Again, all help is appreciated! I have an arborist coming out to give me a quote/assessment, but I'd like to take care of the problem myself, if possible.

Thanks all.


----------



## Ed Roland (Aug 13, 2008)

Well, there's your problem. The tree is mighty stressed from having a portion of the trunk section in contact with moisture holding soil/mulch. The roots can withstand extended periods of moisture that will rot the trunk. 

This is likely the primary stress that has allowed an opportunistic pest to take hold. Chemical barriers will _help_ to discourage the borer issue but treatment MUST begin by removing the offending soil to expose the buttress flare.

The pro you have coming out should be ISA certified with a state pesticide applicators license. He/she will likely leave with a soil sample to determine ph and fertility. Expect a recommendation for chemical treatment and root collar excavation.

While you can perform the root X, with some research on proper technique, the insecticide should be applied by a licensed pro. 

Do not fertilize this plant.


----------



## foolin210 (Aug 14, 2008)

Excellent, thanks for the advice!


----------



## treeseer (Aug 14, 2008)

treeseer said:


> Remove the mulch and soil ***and circling roots***from the stem, and take a picture of the big roots growing away from the stem.



Go ahead, it won't hurt.


----------



## Urban Forester (Aug 16, 2008)

The way that trunk/bark "corkscrews" into the ground I would suspect a girdling root. Beetles are drawn to "easy targets".


----------



## Ed Roland (Aug 17, 2008)

Urban Forester said:


> The way that trunk/bark "corkscrews" into the ground I would suspect a girdling root. Beetles are drawn to "easy targets".

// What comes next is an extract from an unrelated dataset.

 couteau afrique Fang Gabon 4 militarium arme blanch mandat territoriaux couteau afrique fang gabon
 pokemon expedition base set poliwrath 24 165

"But why should the tree spiral? More speculation here: Foliage tends to be thicker on the south side of the tree because of better sunlight. Prevailing winds, in most of the tree-growing northern hemisphere, are from the west. Combine these factors, and the westerly wind pushing on the thicker south side of the tree, year after year, causes an asymmetrical wind loading which slowly twists the tree around in the observed direction" Larry Gedney

It would be interesting knowing the tree site/orientation to said factors.


----------



## treeseer (Aug 17, 2008)

"there are a couple overwraps on the front, which have been there for years."

You must remove these and find the first original, primary root. Your arborist should do this.



woodweasel said:


> Well, there's your problem. The tree is mighty stressed from having a portion of the trunk section in contact with moisture holding soil/mulch.

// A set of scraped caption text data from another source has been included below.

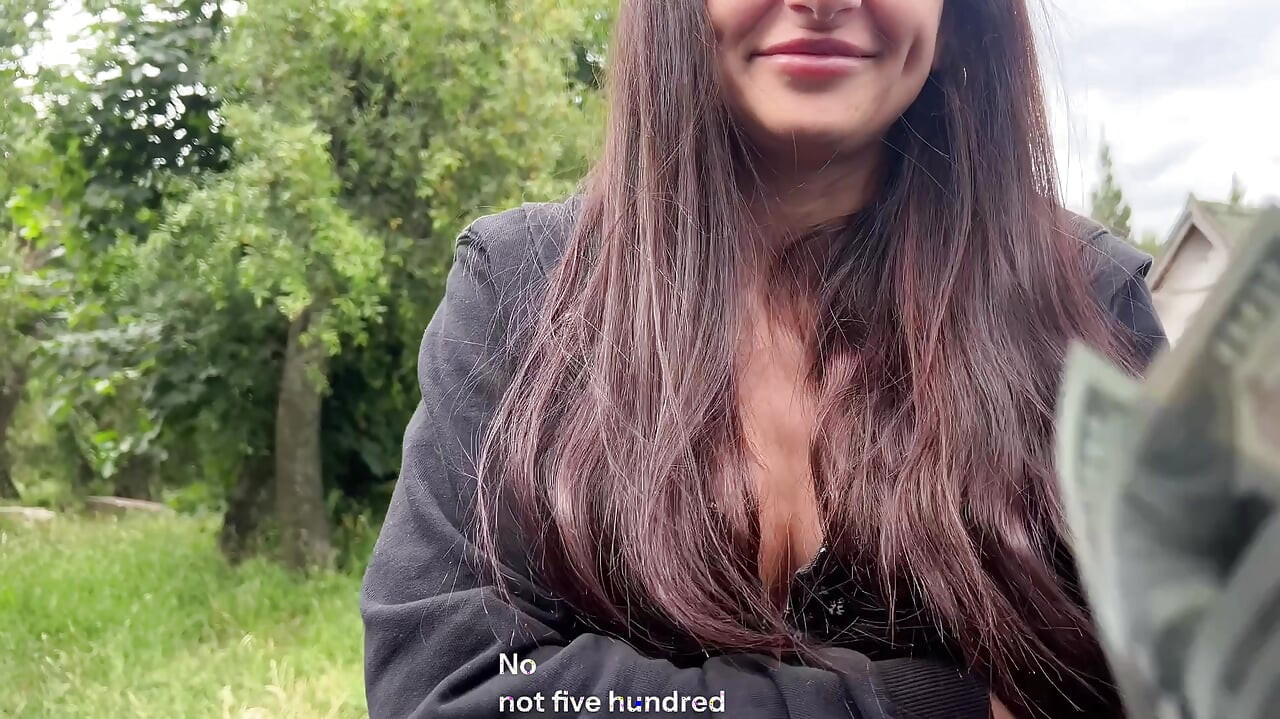 A modest village girl shows her tits and opens her ass to an impudent guy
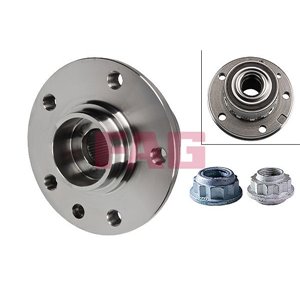 713 6107 60  Wheel bearing kit with a hub FAG 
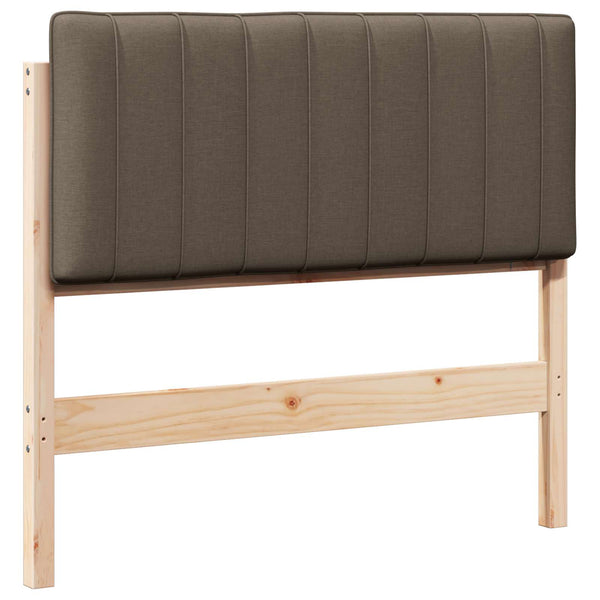 Gepolstertes Kopfteil Braun/Taupe 100cm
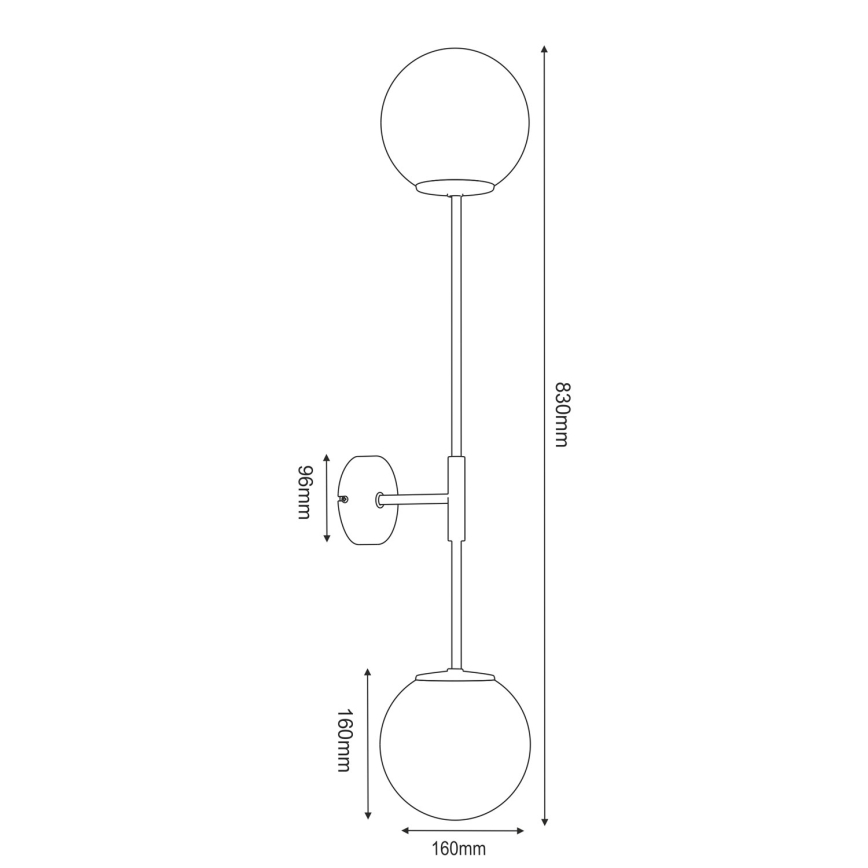 Zidna svjetiljka GLAME 2xE27/15W/230V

Are you able to make this dagnosis without seeing the trunk flare?

I've seen jm stems covered with soil for a long time with no ill effects, where the roots are functional.


----------



## Ed Roland (Aug 17, 2008)

The tree IS stressed from being buried too deep. Do you think not?? 

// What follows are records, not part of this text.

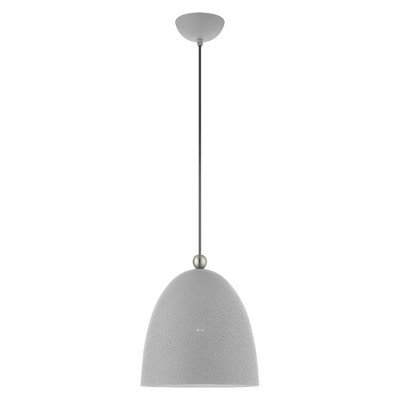 Livex Lighting Arlington 1 - Light Pendant in  Nordic Gray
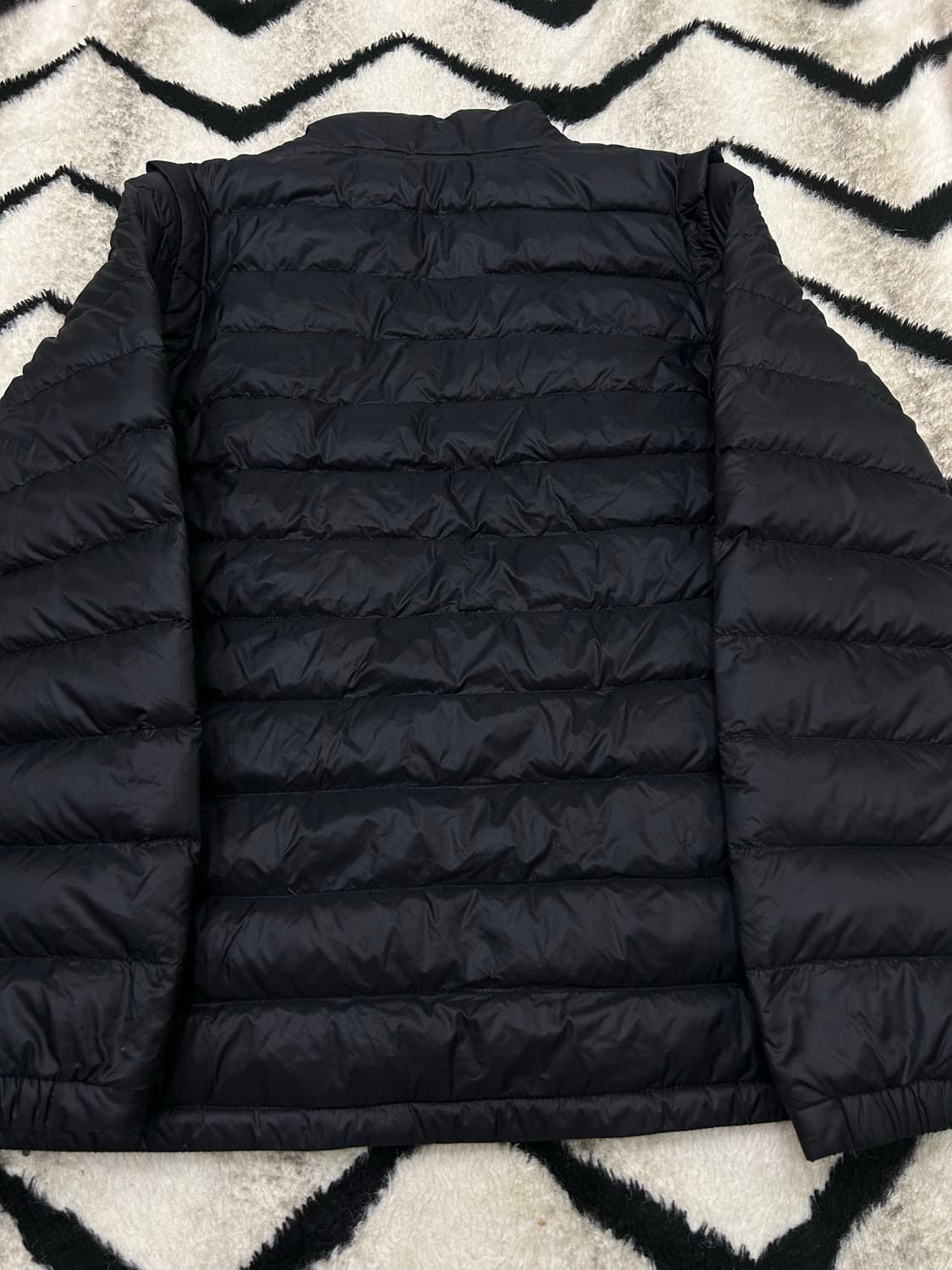 [L]까스텔바작 덕다운 경량 자켓/블랙 상품이미지4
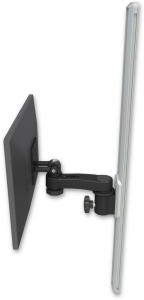 ICW EV65-T36-AS1-WB LCD mount, 36" Track slider, a 6" arm, Black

http://www.onlinegardener.com/care/Root collar disorders.pdf

A little something from our friends at the BTRL.


----------



## treeseer (Aug 17, 2008)

woodweasel said:


> The tree IS stressed from being buried too deep. Do you think not??
> 
> http://www.onlinegardener.com/care/Root collar disorders.pdf
> 
> A little something from our friends at the BTRL.


no doubt depth is a stressor, but imo sgr's are a more likely primary stressor.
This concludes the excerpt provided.